With an aim to develop our students as global citizens, we set a challenging topic that resonated with our end of term NAIDOC week celebrations: The World Needs Diversity. Many rich and robust discussions happened in classrooms across the school as students grappled with the realms of diversity and its impacts on a local, national and global scale. For our younger grades, the challenge was to present their point of view by presenting strong and well-supported reasons that included emotional appeal through sharing personal stories and experiences.
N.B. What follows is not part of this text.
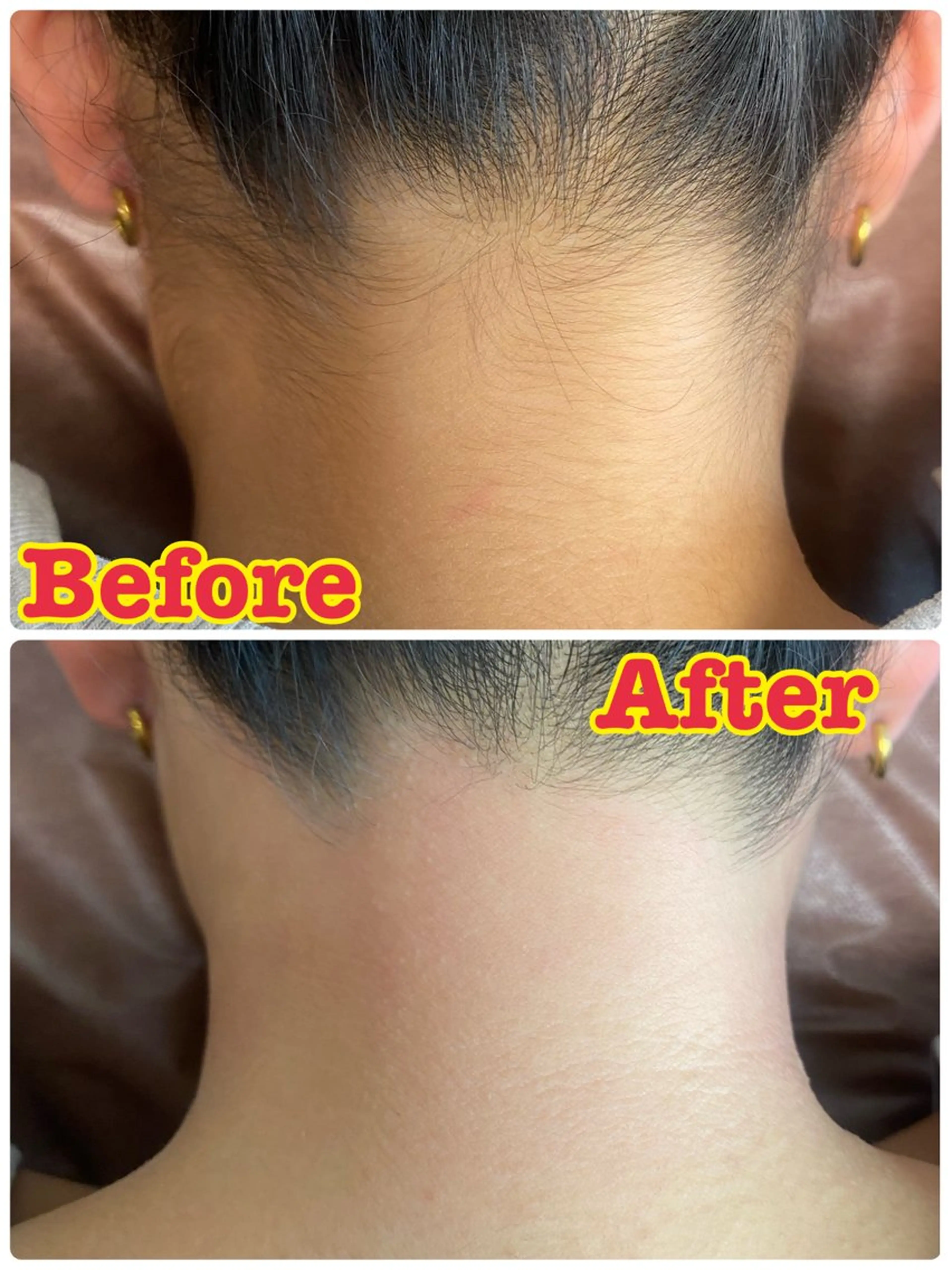 脱毛 sugaring salon Malo所属・シュガーリングサロン Maloのエステ・リラクイメージ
Many of our older students took the opportunity to write an argument, skilfully orchestrating their reasons for and against diversity in a way that was subtle and controlled to allow the reader to feel a sense of autonomy in forming their own opinions, completely unaware of the mind manipulation our writers achieved through powerful word choices and deliberate ordering of ideas. Parents, be warned, those Santa letters, Christmas requests and holiday destination appeals may be far more prepared and convincing than you are ready for.
Through this writing process, our aim was for our students to build a stronger sense of character, as we asked them to take a proactive stance towards life by learning to deep learn. The greatest time was given to the planning and drafting phases, as students learnt the value and importance of giving and receiving feedback that is targeted and purposeful. For some students, this process was tough, especially if they perceived any suggestions for improvement as criticism. They had to overcome these perspectives and begin to see the benefits of taking time to listen and heed the advice and perspectives of others. Our writing was done in chunks, with time also allocated for students to respond to feedback, editing their work for greater impact before moving on. While at the start, this process was deemed to be tedious, the sense of pride and accomplishment felt when the realisation that our final, refined, published work is something we want to share and celebrate has allowed most students to value this process.
As with all writing, we began by defining our audience and purpose. You, as our greater St Columba Community, were our audience and our purpose was to educate and inform you about why our world needs diversity to thrive. Included below are just a few samples of student’s proudly reading a part of their writing, yet every student has writing to share. Please ask your child to read their writing to you and celebrate their unique views and contributions that make our world the wonderful place it is.